CR and JR- I read somewhere that galvanize gives off toxic fumes when heated
 
Jan 22, 2008
880
Fed up w/ personal attacks I'm done with SBO
FYI, galvanized pipe for use in the hot section is non-ABYC compliant and as the USCG has adopted the ABYC standard P-1 for exhaust systems, non-USCG compliant too.
 
Jan 6, 2010
1,520
DJ,

You,re right pal, I forgot to say anything about off-gasing of galv. pipe under heat.
I was told of this before I did my exhaust. The pipe will gas off the first 2 or 3 times it is heated. The gases are somewhat poisoness if you spend time below. So don't for the initial break-in process. After that, it is not a problem.

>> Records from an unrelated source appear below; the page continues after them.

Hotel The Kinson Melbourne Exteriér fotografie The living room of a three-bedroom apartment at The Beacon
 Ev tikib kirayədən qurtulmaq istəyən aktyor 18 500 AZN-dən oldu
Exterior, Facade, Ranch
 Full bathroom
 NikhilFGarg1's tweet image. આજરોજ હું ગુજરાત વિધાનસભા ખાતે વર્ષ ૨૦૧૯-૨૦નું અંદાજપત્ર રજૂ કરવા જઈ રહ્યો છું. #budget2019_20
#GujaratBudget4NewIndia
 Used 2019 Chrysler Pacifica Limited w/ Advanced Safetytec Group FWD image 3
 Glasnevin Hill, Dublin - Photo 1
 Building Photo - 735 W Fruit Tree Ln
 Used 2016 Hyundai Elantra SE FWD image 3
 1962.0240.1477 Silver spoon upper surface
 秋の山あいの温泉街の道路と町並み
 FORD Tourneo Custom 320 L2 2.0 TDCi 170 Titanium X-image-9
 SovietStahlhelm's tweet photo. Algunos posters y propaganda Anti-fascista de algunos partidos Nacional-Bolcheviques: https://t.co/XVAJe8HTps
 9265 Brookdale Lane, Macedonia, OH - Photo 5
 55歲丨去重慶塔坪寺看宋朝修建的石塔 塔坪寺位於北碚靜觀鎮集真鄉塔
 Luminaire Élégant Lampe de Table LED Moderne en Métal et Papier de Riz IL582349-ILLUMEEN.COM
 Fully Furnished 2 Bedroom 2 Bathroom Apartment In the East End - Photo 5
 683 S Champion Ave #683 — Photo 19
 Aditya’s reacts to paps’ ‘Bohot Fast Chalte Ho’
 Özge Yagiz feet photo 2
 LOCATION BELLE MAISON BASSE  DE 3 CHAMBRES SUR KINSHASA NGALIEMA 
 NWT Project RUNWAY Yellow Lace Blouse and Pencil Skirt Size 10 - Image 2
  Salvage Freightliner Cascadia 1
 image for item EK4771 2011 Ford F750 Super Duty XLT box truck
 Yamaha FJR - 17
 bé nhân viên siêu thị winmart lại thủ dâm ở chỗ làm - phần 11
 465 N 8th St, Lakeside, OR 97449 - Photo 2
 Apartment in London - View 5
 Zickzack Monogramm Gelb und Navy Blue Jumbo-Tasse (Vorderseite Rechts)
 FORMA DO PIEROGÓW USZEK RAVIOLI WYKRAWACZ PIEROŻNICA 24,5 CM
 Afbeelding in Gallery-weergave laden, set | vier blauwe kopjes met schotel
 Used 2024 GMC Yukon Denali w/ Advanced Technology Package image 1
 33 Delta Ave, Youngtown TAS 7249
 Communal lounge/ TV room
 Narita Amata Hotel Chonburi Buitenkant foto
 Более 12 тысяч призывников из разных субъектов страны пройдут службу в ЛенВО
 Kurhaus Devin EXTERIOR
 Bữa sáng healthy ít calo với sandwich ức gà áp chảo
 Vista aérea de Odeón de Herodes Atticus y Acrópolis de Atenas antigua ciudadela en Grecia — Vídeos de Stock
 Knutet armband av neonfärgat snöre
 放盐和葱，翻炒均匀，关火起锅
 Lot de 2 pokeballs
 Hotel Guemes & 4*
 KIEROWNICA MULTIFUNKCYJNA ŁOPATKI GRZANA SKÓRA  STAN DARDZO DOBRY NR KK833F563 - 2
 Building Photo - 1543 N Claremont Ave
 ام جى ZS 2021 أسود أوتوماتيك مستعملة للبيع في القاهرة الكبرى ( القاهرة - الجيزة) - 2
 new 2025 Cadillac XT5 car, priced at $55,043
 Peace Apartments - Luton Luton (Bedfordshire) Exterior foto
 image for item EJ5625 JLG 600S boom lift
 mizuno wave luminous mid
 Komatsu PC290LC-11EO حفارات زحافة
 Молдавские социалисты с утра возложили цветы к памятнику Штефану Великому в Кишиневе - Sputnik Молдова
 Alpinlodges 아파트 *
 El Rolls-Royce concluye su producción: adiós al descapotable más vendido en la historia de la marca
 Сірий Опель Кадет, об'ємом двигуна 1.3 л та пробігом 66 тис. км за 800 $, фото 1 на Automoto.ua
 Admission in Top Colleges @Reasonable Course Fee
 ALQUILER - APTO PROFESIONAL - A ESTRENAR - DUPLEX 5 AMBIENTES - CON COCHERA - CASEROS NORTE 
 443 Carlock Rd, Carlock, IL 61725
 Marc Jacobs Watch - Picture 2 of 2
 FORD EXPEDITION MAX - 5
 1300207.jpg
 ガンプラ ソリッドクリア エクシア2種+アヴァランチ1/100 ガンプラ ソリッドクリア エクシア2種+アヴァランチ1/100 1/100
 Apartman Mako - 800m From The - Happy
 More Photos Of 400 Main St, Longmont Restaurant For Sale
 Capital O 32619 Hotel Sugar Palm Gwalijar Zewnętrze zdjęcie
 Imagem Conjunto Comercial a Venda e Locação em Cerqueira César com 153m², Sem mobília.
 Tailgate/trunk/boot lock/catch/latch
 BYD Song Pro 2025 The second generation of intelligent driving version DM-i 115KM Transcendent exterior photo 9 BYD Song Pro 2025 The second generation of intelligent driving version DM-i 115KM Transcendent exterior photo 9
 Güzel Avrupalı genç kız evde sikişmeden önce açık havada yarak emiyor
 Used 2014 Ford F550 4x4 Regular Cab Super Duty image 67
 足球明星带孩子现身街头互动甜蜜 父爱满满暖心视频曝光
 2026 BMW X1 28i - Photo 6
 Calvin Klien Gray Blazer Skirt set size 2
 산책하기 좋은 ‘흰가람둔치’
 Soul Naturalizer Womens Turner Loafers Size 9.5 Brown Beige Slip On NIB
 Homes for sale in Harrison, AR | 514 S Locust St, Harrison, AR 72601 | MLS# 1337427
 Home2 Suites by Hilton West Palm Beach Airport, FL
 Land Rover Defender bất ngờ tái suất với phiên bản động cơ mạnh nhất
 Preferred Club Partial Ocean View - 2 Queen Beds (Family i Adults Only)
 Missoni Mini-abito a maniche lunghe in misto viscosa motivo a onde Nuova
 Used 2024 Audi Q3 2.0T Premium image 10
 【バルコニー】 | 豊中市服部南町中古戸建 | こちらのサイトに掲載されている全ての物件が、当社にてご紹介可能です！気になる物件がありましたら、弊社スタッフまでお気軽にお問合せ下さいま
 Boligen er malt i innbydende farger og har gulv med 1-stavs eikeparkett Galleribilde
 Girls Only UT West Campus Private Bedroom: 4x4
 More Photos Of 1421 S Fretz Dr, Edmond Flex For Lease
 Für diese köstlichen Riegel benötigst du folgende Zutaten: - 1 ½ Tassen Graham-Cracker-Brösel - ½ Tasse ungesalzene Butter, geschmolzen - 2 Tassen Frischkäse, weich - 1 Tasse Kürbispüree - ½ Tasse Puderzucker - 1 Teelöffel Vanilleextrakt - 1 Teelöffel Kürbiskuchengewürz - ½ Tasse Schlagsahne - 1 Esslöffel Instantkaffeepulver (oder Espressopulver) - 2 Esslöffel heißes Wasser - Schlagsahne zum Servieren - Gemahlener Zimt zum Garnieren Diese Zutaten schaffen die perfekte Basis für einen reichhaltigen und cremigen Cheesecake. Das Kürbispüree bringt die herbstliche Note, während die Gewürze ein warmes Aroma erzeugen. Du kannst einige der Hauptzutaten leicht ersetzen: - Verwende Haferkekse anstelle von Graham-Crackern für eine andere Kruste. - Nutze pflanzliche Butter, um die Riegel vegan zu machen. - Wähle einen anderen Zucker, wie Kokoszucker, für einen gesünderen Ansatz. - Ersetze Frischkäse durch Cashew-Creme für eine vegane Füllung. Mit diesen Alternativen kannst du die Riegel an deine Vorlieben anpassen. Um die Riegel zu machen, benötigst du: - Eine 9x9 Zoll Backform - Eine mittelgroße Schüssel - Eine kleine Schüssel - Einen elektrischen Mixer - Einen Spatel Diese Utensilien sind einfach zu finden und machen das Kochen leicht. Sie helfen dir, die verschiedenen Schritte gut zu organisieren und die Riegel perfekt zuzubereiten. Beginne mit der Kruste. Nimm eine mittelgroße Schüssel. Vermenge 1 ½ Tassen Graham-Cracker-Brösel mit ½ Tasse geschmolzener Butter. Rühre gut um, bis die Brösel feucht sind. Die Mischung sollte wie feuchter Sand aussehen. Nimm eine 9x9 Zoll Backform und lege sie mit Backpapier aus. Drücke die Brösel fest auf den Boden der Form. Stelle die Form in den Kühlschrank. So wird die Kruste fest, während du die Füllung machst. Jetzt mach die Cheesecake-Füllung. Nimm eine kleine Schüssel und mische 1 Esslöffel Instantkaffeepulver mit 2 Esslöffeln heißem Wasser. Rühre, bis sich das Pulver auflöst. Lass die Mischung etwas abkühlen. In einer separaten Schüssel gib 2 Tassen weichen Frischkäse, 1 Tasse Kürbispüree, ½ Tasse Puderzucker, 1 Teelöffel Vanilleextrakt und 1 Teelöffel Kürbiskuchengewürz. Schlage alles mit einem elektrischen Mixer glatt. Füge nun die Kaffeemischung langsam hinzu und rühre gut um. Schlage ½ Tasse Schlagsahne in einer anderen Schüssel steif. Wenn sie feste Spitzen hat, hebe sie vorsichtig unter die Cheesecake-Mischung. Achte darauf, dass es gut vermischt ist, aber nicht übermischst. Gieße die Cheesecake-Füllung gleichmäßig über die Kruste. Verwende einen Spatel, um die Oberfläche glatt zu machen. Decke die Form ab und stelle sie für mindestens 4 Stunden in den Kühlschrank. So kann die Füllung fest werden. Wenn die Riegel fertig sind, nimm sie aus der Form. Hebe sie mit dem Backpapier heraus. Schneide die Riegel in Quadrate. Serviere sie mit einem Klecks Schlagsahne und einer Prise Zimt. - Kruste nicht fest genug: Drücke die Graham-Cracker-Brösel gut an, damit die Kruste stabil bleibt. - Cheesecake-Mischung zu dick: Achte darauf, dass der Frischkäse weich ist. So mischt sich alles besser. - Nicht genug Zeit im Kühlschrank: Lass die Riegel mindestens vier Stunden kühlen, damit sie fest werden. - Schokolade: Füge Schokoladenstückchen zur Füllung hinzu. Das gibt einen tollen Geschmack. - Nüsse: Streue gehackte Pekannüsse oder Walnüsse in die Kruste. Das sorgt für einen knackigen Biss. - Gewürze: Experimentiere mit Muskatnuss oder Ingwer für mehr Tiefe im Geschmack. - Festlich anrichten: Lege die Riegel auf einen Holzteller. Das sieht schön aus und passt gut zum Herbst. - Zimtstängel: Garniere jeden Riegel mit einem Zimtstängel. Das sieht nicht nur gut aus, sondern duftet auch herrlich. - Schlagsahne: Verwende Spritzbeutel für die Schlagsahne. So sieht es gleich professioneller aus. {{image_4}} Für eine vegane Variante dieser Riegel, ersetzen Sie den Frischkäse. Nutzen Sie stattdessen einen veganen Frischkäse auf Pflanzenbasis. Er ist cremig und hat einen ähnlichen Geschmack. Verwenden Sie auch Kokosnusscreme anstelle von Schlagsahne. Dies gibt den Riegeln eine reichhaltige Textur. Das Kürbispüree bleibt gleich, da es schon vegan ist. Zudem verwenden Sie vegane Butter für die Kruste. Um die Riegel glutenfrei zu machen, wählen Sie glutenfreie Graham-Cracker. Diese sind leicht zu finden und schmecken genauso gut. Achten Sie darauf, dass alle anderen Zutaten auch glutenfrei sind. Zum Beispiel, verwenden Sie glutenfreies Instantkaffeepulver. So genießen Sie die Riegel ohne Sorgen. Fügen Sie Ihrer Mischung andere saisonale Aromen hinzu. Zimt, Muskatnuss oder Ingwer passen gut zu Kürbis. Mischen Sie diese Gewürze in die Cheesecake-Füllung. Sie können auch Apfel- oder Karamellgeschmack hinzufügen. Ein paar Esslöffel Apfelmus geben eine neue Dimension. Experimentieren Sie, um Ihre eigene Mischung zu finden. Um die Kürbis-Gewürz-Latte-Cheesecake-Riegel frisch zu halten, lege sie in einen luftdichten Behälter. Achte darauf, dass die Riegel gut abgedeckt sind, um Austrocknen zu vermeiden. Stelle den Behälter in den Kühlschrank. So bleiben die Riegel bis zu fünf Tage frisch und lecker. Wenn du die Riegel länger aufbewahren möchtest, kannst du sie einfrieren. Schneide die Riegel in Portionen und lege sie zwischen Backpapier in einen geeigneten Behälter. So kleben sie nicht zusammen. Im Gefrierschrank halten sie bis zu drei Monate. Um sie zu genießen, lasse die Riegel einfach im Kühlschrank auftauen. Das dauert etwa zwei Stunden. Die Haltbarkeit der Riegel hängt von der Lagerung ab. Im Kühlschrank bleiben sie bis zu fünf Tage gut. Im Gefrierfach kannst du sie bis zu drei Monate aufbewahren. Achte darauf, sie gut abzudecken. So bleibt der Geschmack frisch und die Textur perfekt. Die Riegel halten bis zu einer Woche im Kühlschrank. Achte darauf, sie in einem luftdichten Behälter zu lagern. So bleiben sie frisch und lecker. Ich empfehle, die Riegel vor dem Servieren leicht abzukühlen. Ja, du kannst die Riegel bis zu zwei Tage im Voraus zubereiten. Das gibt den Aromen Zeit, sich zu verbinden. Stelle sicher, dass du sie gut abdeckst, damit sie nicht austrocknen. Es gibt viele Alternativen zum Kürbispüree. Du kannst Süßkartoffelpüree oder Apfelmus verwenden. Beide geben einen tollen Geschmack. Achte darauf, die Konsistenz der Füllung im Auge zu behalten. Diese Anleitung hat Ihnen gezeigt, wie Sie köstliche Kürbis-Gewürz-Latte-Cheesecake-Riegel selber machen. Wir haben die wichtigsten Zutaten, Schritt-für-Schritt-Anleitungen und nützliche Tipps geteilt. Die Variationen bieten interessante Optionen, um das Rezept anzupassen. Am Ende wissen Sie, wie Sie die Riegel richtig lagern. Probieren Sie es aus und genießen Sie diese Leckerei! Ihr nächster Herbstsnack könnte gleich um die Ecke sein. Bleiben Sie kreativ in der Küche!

One suggestion for breaking-in can be done at the dock with the engine running in gear above 1800RPM for at least an hour. Next time, do the same thing. You will be able to smell the fumes at first. When the fumes stop, you're home free.

Don't forgrt the asbestos wrap.

It took 2 times for me to gas-off but I motored underway for an hour each way both out & back to my dock.

JR added a detailed explanation in his post that should answer additional questions about Galvanized pipe & dissimilar metals. He's OK in my book.

CR
 
Feb 6, 1998
11,721
Canadian Sailcraft 36T Casco Bay, ME
The ABYC specifies that all threaded pipe & fittings used in a marine exhaust system be made of Sched 80 pipe NOT the sched 40 I see most DIY's use. SS is very prone to fatigue cracking especially at the deep part of a thread due to the vibrations associated with engines.. It is also not technically "galvanically compatible" with the engine manifold, which is another ABYC requirement..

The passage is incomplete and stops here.